Most sealants will require the surface(s) being sealed to be clean and free of loose debris. Some sealants will not adhere properly to oily or waxed surfaces, the oil or wax may need to be removed chemically or by sanding. Depending on the sealant being used, the surface may also need to be dry. Other sealants require some moisture to properly cure with the moisture coming from the air or from the surfaces which the sealant is being applied. Others may need a little misting of moisture when conditions or surfaces are very dry.
What to use when
As stated earlier, there is no one sealant that works for every application. Deciding which product to use will often require some research. Each of the major manufacturers have good websites to assist in product selection. Many also have live technical support during normal business hours. At a minimum, you should read the technical data sheet (TDS), often found on the manufacturer’s website. The TDS will cover everything from what the sealant is recommend and not recommended for, how to clean-up the product and any safety concerns that may arise in using the sealant.

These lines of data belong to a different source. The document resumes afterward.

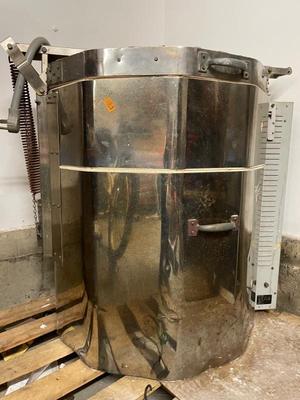 Large glass kiln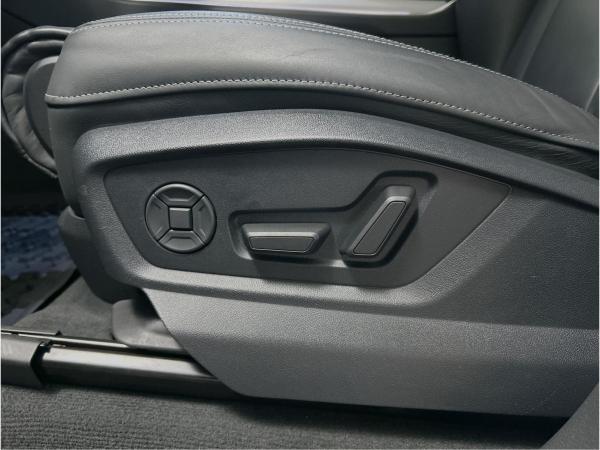 Audi SQ8 4.0 TFSI DSG quattro Pano Matrix ACC AHK LED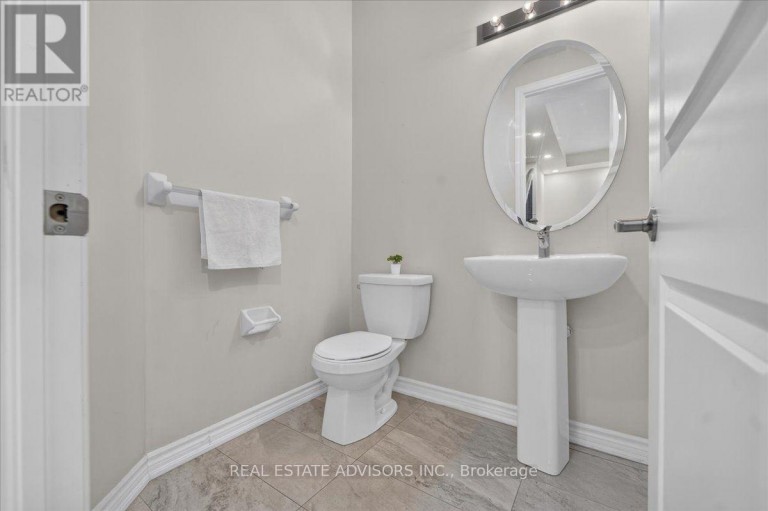 574 QUEEN MARY DRIVE, Brampton (Northwest Brampton), Ontario, L7A4Y6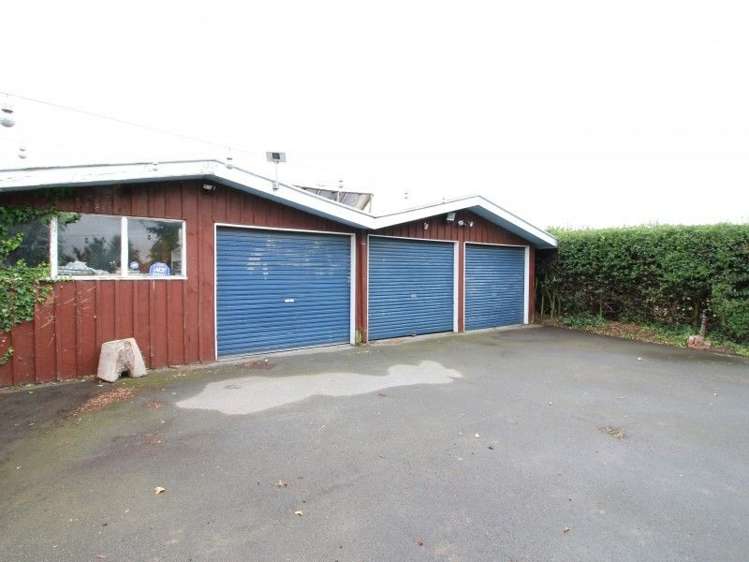 127 Middle Road Allenton_17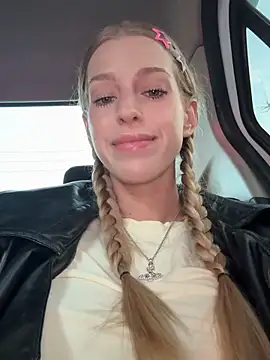 kira mia online show from March 17, 3:37 pm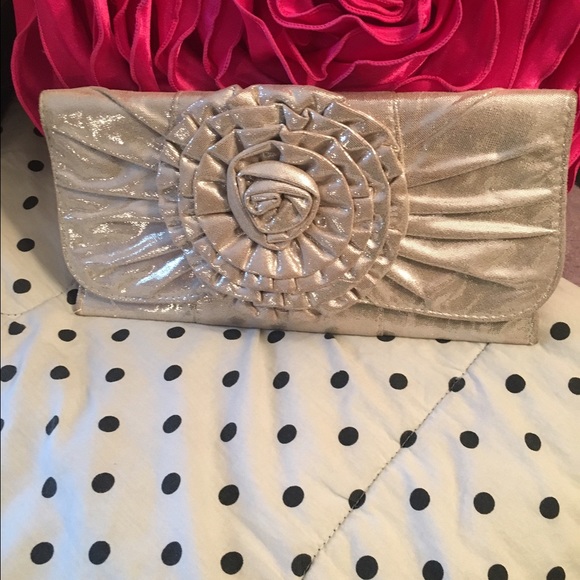 Gold clutch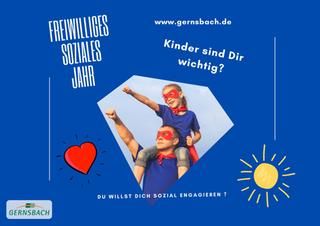 Supermann mit Superkind auf blauem Hintergrund.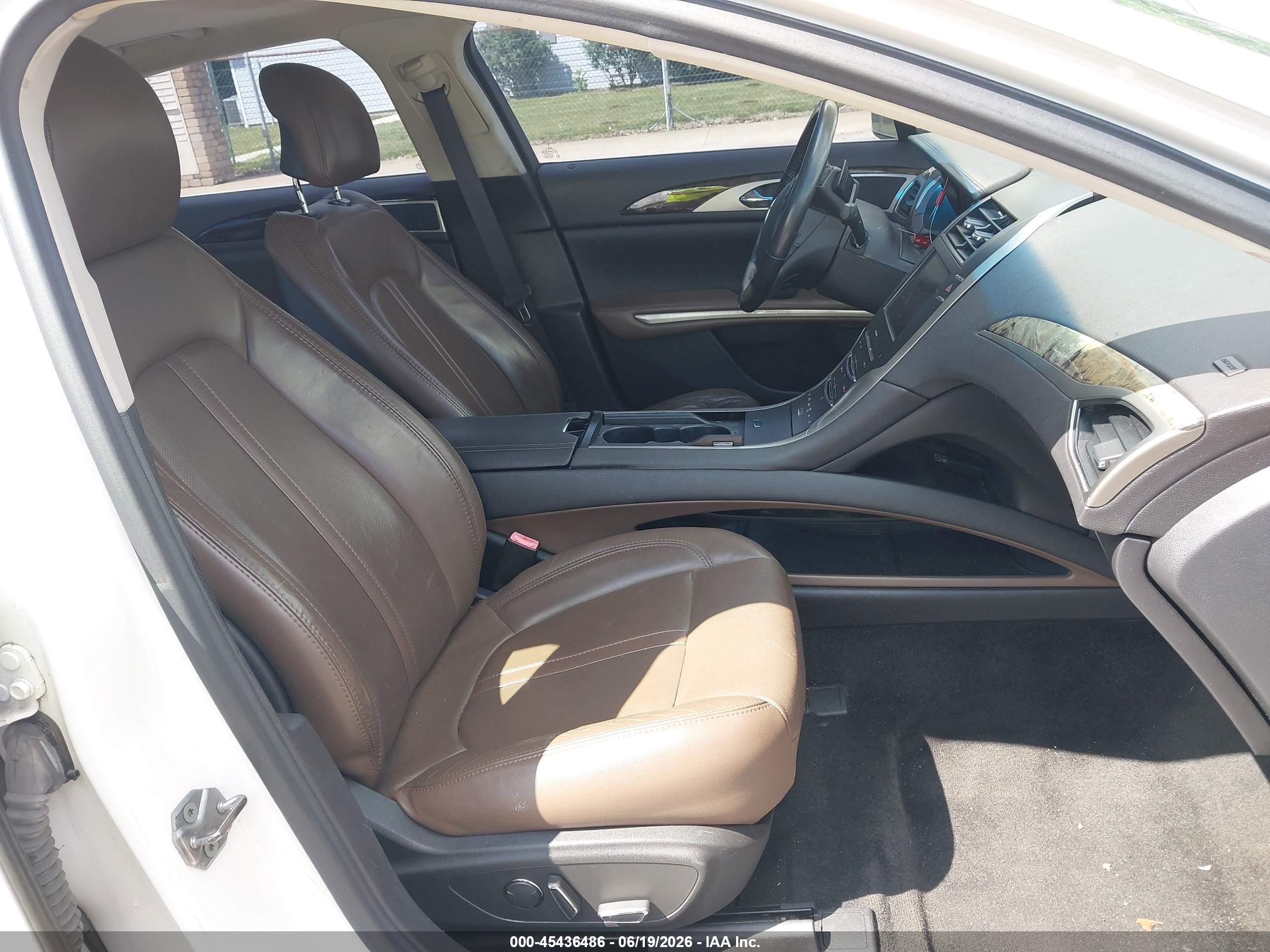 2013 Lincoln Mkz   White vin: 3LN6L2JK9DR821029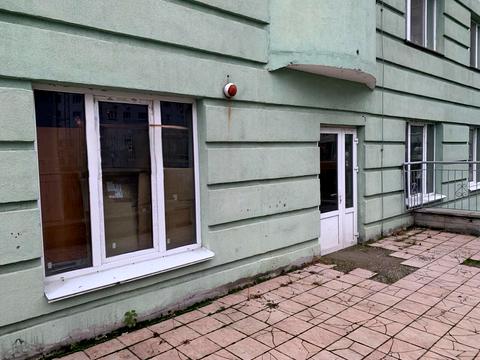 комерційна за адресою Печерська вул., 6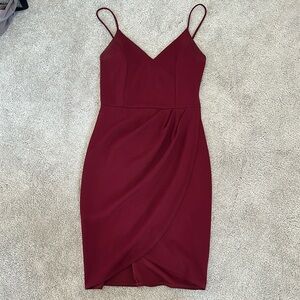 LULUS - VNeck Short Tulip Dress - Maroon - S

When using a caulk or sealant, the product is typically supplied in a 10-ounce tube and application of the product will traditionally be with a manual caulking gun. There are a few additional container and cartridge sizes available as well. The 30-ounce tube, 20-ounce sausage tube and bulk buckets of some sealants are available by some manufacturers.
The advantage of a sausage tube cartridge is the limited container waste produced. When the cartridge is empty, all that is left is a small cookie sized piece of foil, compared to the plastic tube left from the traditional caulk or sealant container. The sausage tube is my preferred application container, unfortunately, not many manufacturers offer the sausage tube option.
Traditionally, we use sealants to seal something out, like water or air. If you’ve had the opportunity to hear Steven Baczek speak, he makes a point that he is also concerned with what is sealed in, meaning how assemblies dry. An important consideration. When used in the right applications, sealants are critical parts of how water and air are managed in construction, the key is using the right product for the job.